> Data
= = =

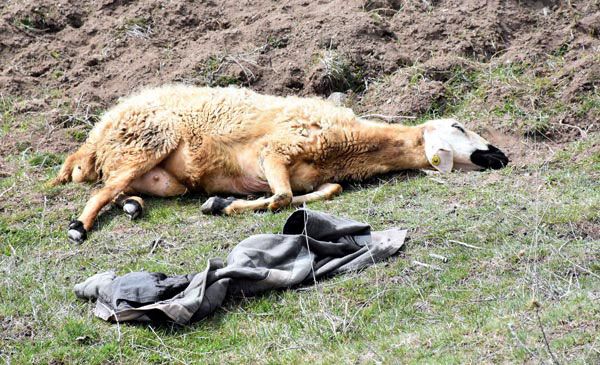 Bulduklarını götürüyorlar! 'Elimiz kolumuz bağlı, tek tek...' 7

= = =

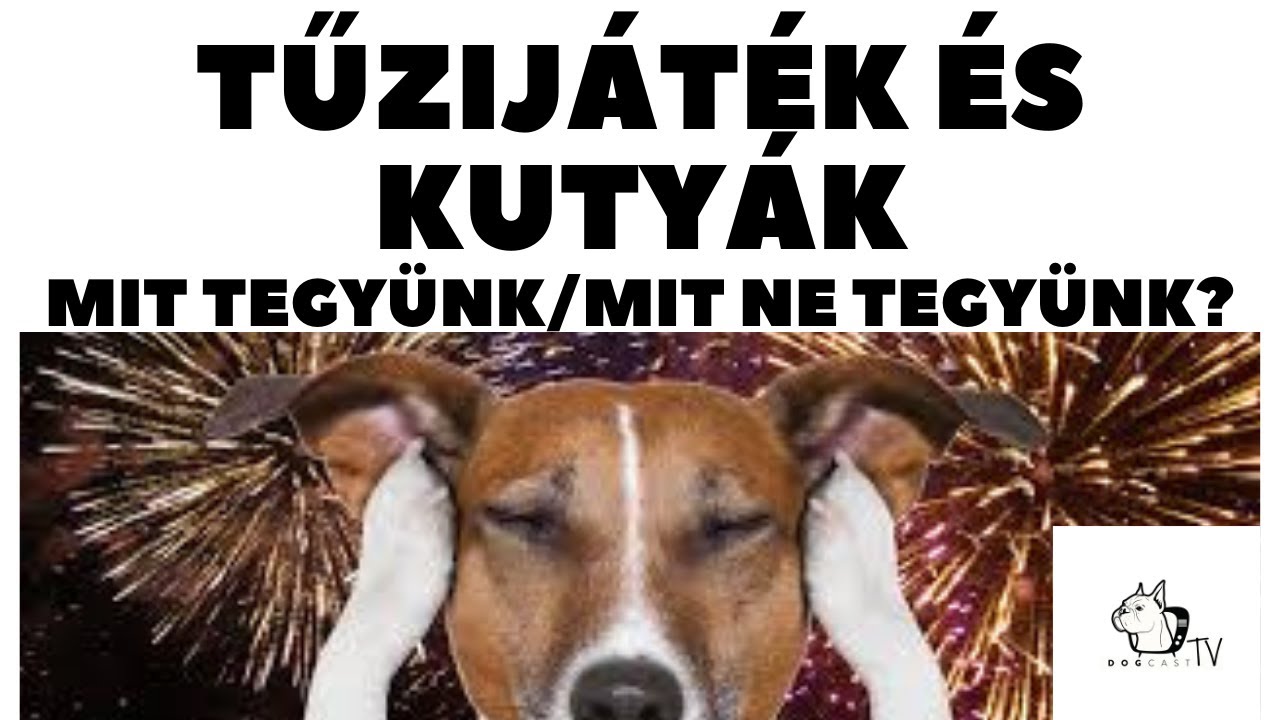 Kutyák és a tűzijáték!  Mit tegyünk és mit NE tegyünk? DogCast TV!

= = =

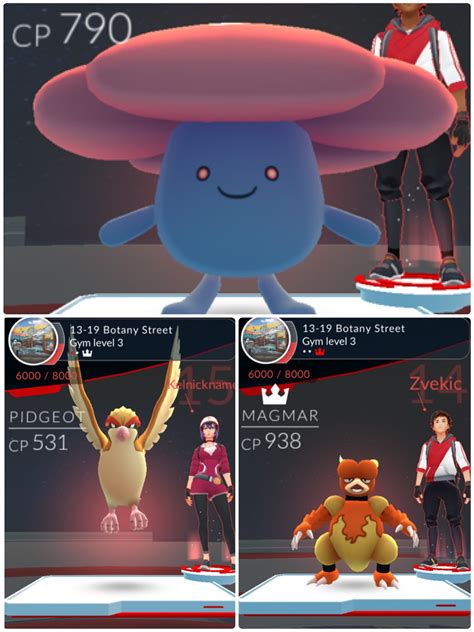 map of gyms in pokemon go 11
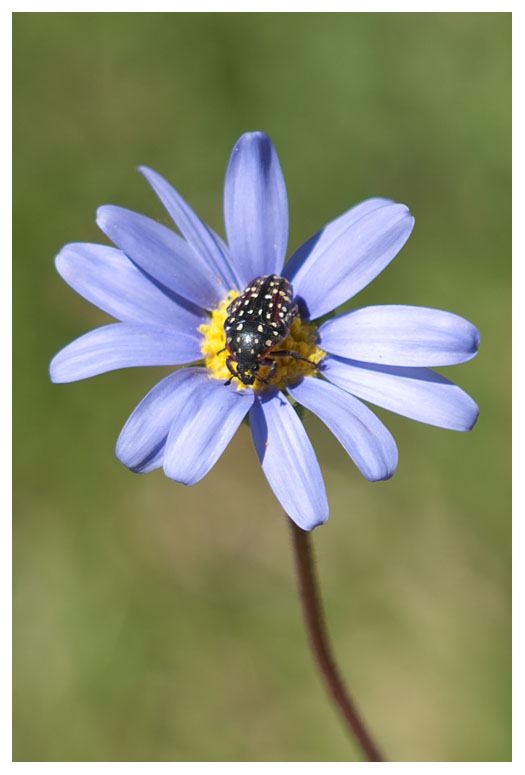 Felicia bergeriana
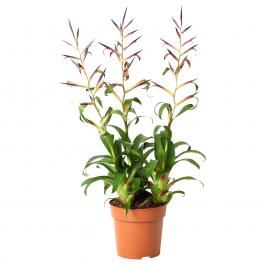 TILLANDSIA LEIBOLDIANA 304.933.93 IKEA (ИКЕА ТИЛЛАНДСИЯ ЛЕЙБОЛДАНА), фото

= = =

> Task
Return exactly the part of the listing above that opens with the line containing "map of gyms in pokemon go 11" and closes with the line containing "TILLANDSIA LEIBOLDIANA 304.933.93". Pictures stay out.

> Your response
 map of gyms in pokemon go 11
 Felicia bergeriana
 TILLANDSIA LEIBOLDIANA 304.933.93 IKEA (ИКЕА ТИЛЛАНДСИЯ ЛЕЙБОЛДАНА), фото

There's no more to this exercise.